Like any churn, revenue churn results from a few key issues: 

  • Poor customer service experiences: People sign up for a product because they have a goal and a problem in the way of realizing that goal. Customer service that adds to their frustration is a recipe for disaster. 
  • Poor customer fit: If people aren’t a good fit, it only makes sense that they’ll churn. 
  • Lack of value: If people don’t think they’re getting enough value for what they’re paying, they’ll churn. This could mean their problem isn’t solved, they think they’re paying too much, or a competitor offers a more attractive package. 

The fix, then, is to improve most of these metrics. 

  • Create a customer success plan to reduce friction and frustration around the customer experience. That might mean improving the product UI, adding more integrations, and investing in your customer success team. 
  • Clarify your messaging: Your messaging is the first thing potential customers see; you want it to resonate with the right customers and repel the ones who aren’t a good fit. 
  • Add more value to the product: Revenue churn can happen because customers outgrow your product or a competitor enters the market. The way to beat this is to add more value to your offerings to better serve your customers.

Ask for feedback

Don’t let customers churn without telling you why they’re leaving you. 

When a customer downgrades a package or cancels their subscription, you should ask them why.

This feedback will help you better tailor your revenue churn initiatives. 

Active churn prevention

There’s an opportunity to make customers second-guess their decision to downgrade or churn.

When customers tell you they want to churn, give them a counteroffer.

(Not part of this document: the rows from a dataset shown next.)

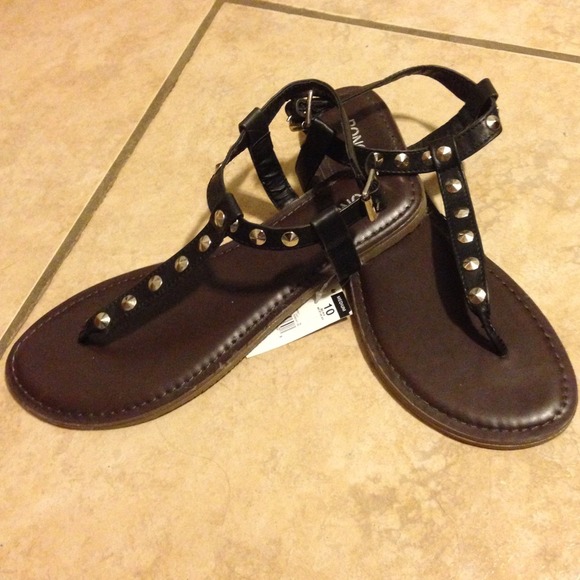 Black sandals
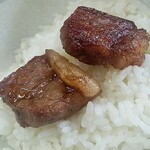 伊江牛 - オンザライス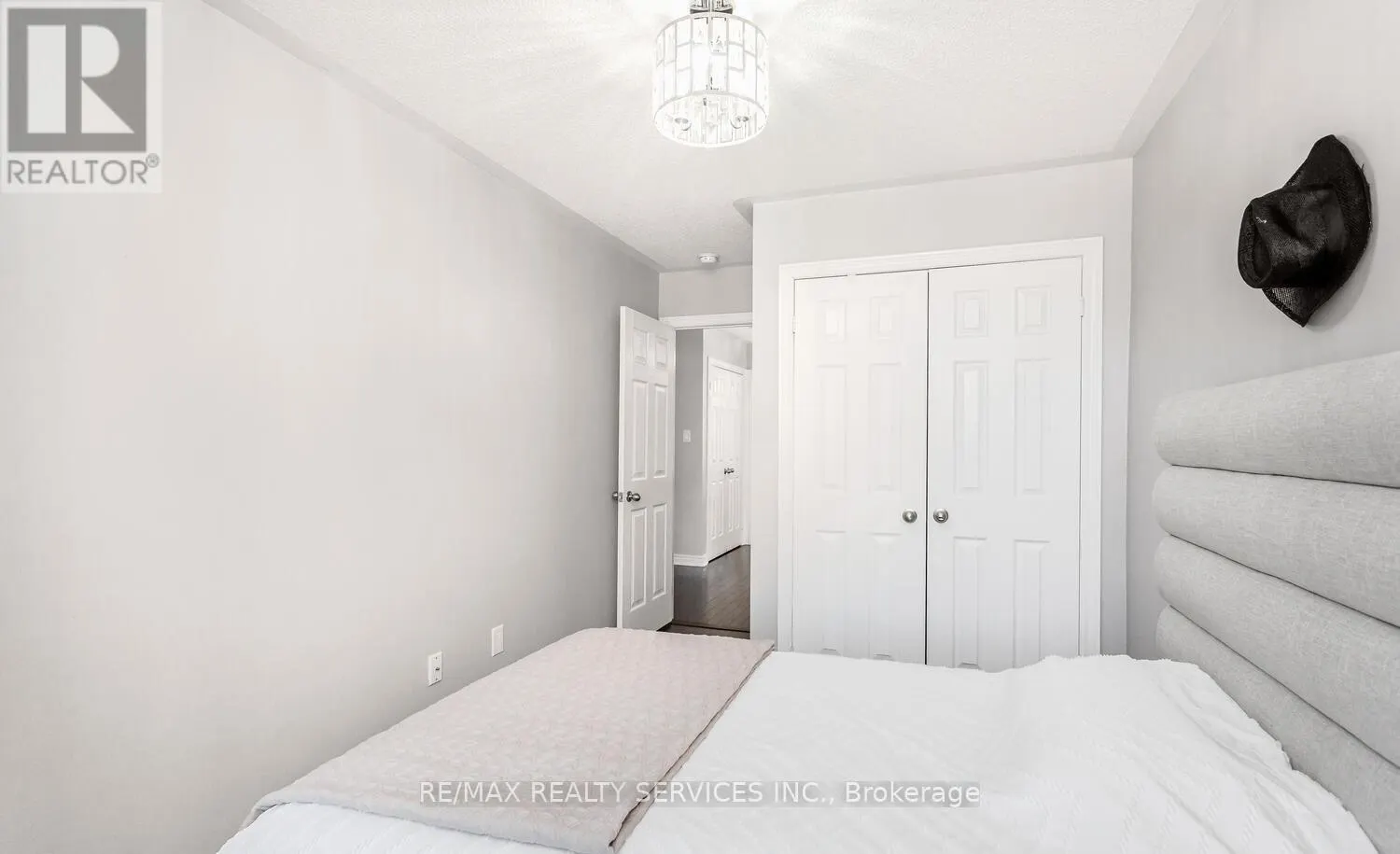 14 ROCKMAN CRESCENT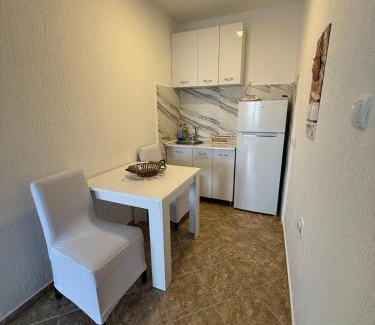 Babilonija Apartamento | Mila apartman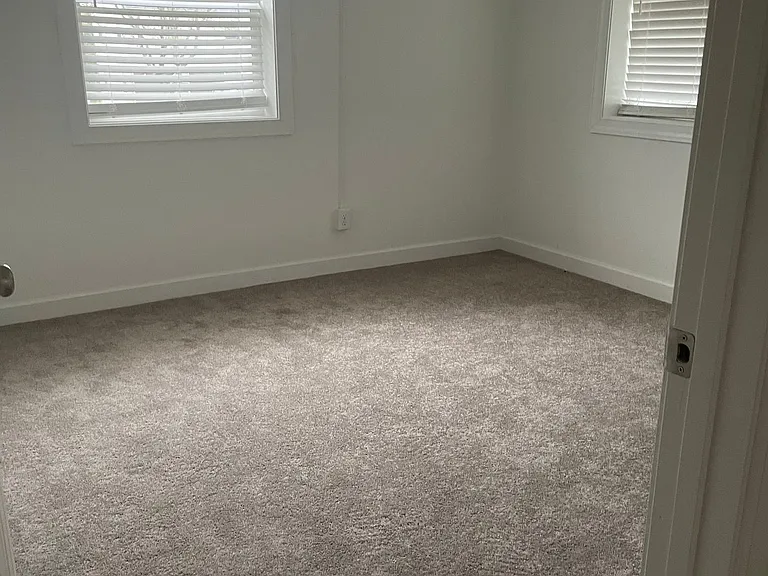 815 W Buford St — Photo 9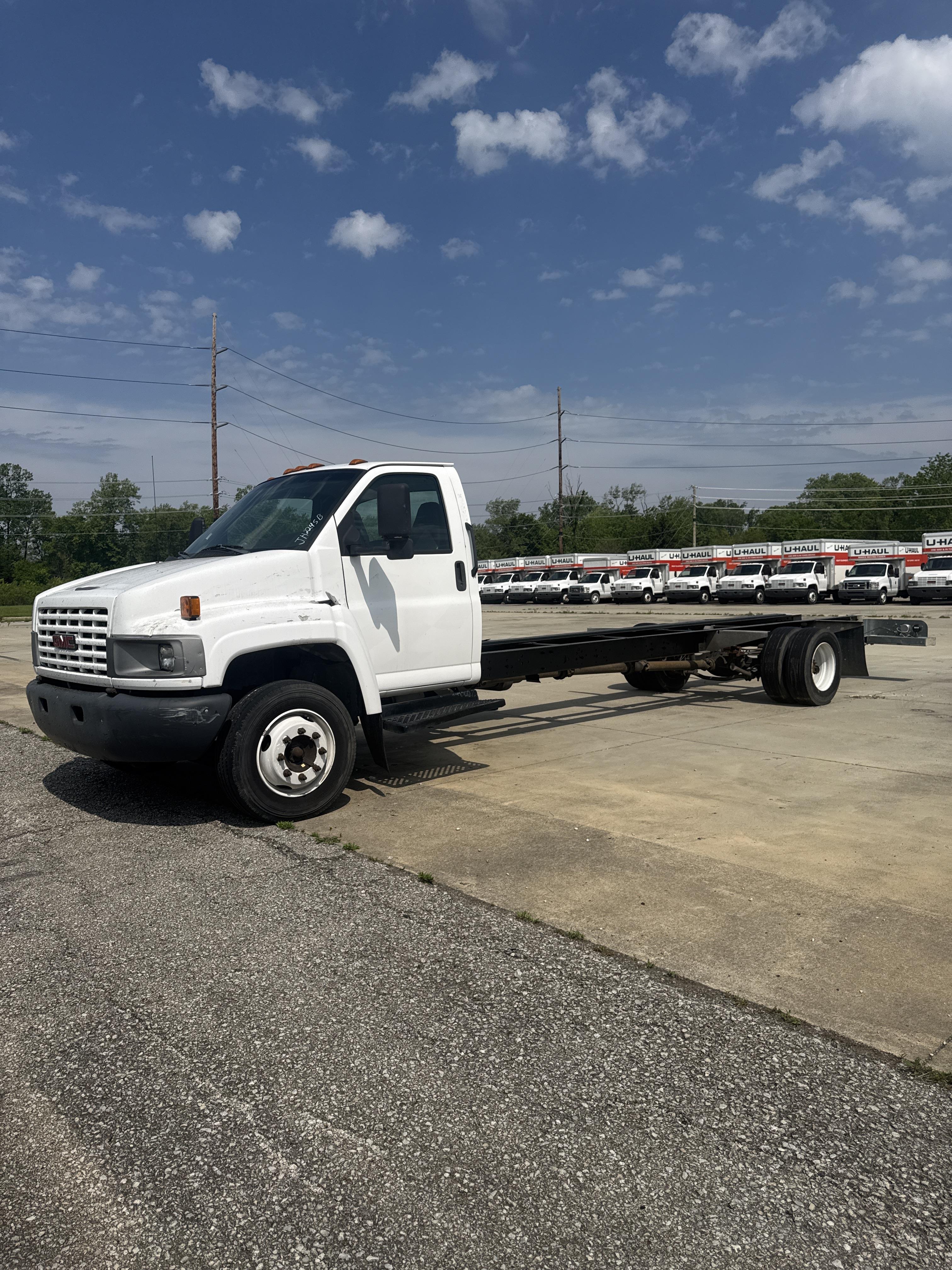 Used 2008 26 ' Cab and Chassis for sale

You can do this right before they confirm their decision. 

Here are some tactics:

  1. Remind them what your product can do: If customers churn because they don’t realize your product has some functionality to solve their problems, remind them. 
  2. Ask them to schedule time with the customer success team: A good percentage of customers who churn are frustrated. Offering time with customer success to hear about their problems and find a solution shows that you’re invested in helping them.
  3. Offer a down-sell: This doesn't eliminate churn entirely but softens it. Instead of canceling entirely, ask them if they want to lower to a cheaper (or free) plan.

That said, all of this may seem like too little, too late, especially if your customer success team doesn’t have a good reputation or your brand doesn’t have a good rapport with that customer.  

What doesn't revenue churn tell us?

Revenue churn isn't a catch-all metric. 

You need to supplement it with other metrics in order to get the full story. 

Revenue churn doesn't tell us about changes in customer count

Since revenue churn is purely financial, it doesn't go into the details of customers. 

This is particularly damaging to businesses that ignore that they're losing thousands of customers (who could have grown into higher pricing tiers) because their revenue churn is low or acceptable.

In other words, because revenue churn only looks at money, it obscures the story of customer count.

Revenue churn doesn't tell us about the strength of the customer relationship

A low revenue churn rate correlates with stronger customer loyalty, but there are plenty of other factors that could be at play, like:

  • Lack of (good) competition
  • Environmental factors that make the problem you solve more pressing
  • High cost of switching

Since the strength of your customer relationships is important to your revenue retention going forward, it's essential that you build a strong rapport with your customers.

Revenue churn doesn't explain seasonality

While revenue churn can definitely help you identify seasonality in groups of customers who use your product, it doesn't tell you why it happens.

It could be that those variations are perfectly normal and related to the calendar year. 

But either way, you need to combine revenue churn with reactivation retention, among other metrics, in order to accurately understand how seasonality affects your bottom line. 

Conclusion: all about revenue churn

Now you know what revenue churn is, how to calculate it, and how to improve it. 

Which of these strategies will you try first? 

Maybe you're going to create a customer success plan. 

Or you're going to try some active churn prevention.